Il suo inferno personale, l’incubo di ogni mamma s’è concluso nel momento stesso in cui ha alzato la cornetta. All’altro capo i carabinieri pavesi di Stradella: «Sappiamo dove sono. Stanno bene e torneranno da te». È servito qualche secondo per realizzare il tutto. Poi quel sospiro di liberazione e il pensiero che corre all’unica cosa che si doveva e poteva fare. «Non ho atteso un attimo. Io dovevo andare da loro». Si veste, trova all’ultimo un biglietto per quella che è una meta turistica mondiale. Il prezzo è alle stelle, ma ovviamente non ci pensa nemmeno. E vola in Catalogna. Deve riabbracciarli al più presto.
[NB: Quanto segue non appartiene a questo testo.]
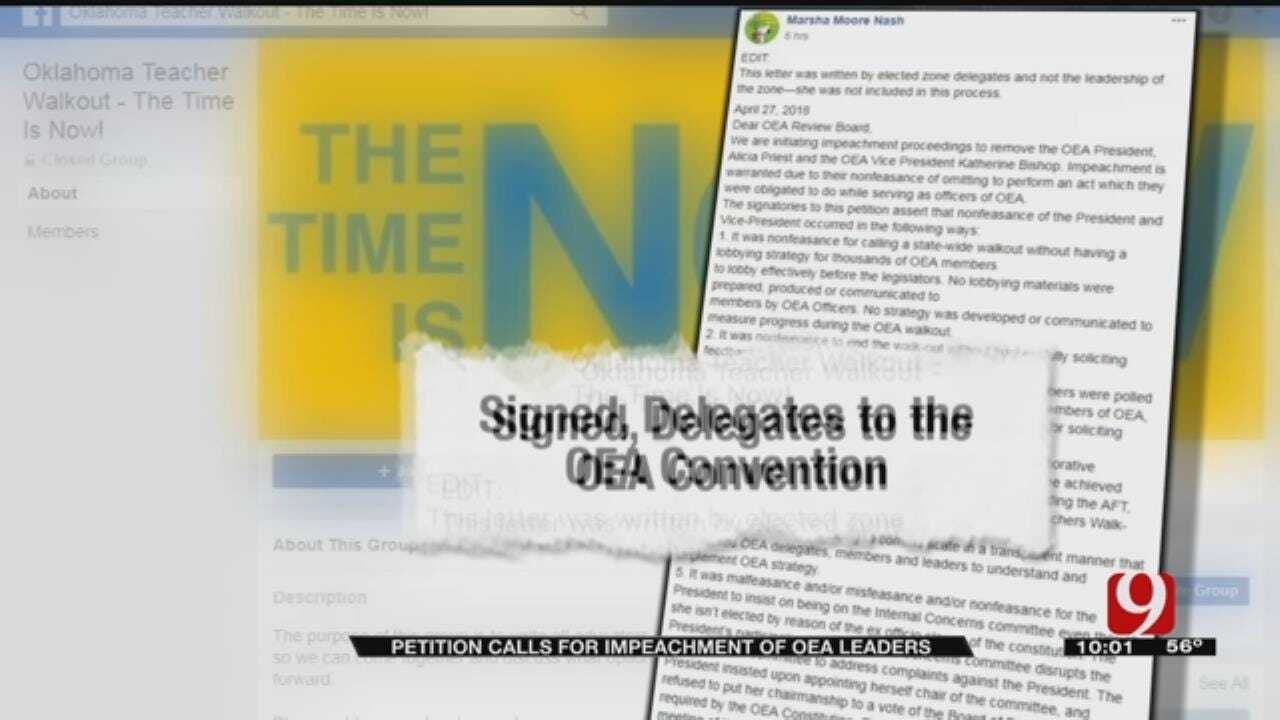 Petition Calls For Impeachment Of OEA Leaders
E ce la fa. Loro sono lì, in un centro d’accoglienza. E stanno bene. Che è alla fine quel che conta. Di primo acchito sembra che non abbiano, comprensibilmente, nemmeno ben chiaro tutto quello che è successo attorno a loro. Non sanno di certo che la polizia di mezza Europa era sulle loro tracce. Ma forse è meglio così. «Sono ancora un po’ scossa e confusa – confessa la mamma – e so che non è ancora finita e non lo sarà finché non arriveranno in Italia, finché non saranno a casa con me».
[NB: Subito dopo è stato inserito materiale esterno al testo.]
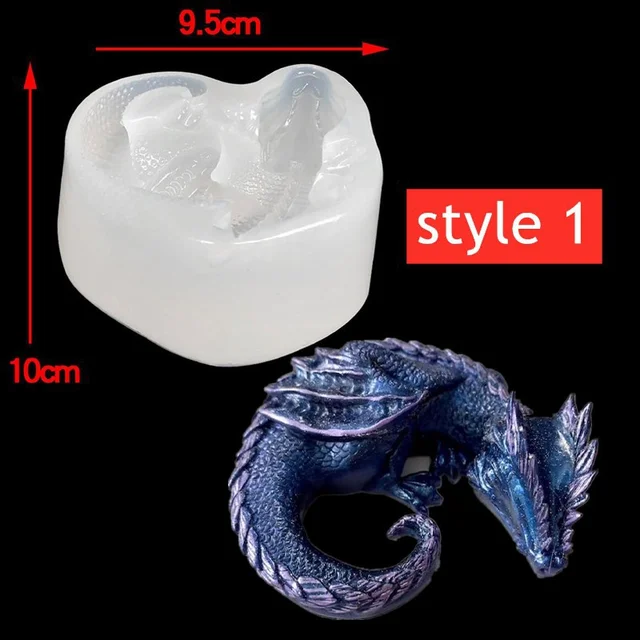 3 Styles Mirror Sleepy Dragon Dinosaur Sea Dragon Egg Silicone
Da parte delle autorità italiane, comunque, c’è stata la massima collaborazione: «Non conosco i dettagli né i tempi ma so che ci sarà un volo per loro e che torneranno in Italia. Sapere che sono al sicuro e che presto potremo abbracciarci di nuovo è la cosa più importante».
Se l’era augurato per tutto questo tempo. A due giorni dalla loro scomparsa l’aveva raccontato a La Provincia: «Non so le sue intenzioni (del papà, ndr). Se vuole portarli all'estero o che altro. Qui i miei figli hanno i loro amichetti, vanno a scuola, hanno l'amore e l'affetto di tutta la nostra famiglia, della zia e dei nonni. Devono tornare a casa». Tutto è bene quel che finisce bene. Ma la vicenda ha sicuramente scosso la folta comunità islamica locale, composta in gran parte di persone provenienti da Egitto e Marocco, e, in misura minore, dalla Tunisia.
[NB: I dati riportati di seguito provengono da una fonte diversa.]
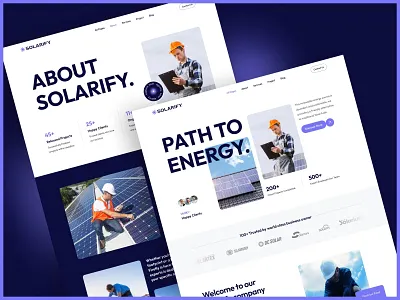 Solarify — Free Solar & Renewable Energy Tech best designer creative design developer figma figma design framer design modern design solar ui design uiux design user experience design user interface design web development webdesign website website redesign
L’integrazione a Soresina è, d’altronde, un ‘work in progress’, grazie alle aperture multiculturali messe in atto dall'amministrazione comunale guidata dal sindaco Diego Vairani e da diverse associazioni locali, senza dimenticare l'impegno in prima linea del parroco don Angelo Piccinelli, che ha aperto un dialogo tra le varie confessioni religiose, anche attraverso il coraggioso gesto con cui ha invitato gli imam alla festa patronale e ha presenziato personalmente, col vescovo Antonio Napolioni, a un evento di Al-Manar, uno dei centri culturali per musulmani più importanti del Cremonese.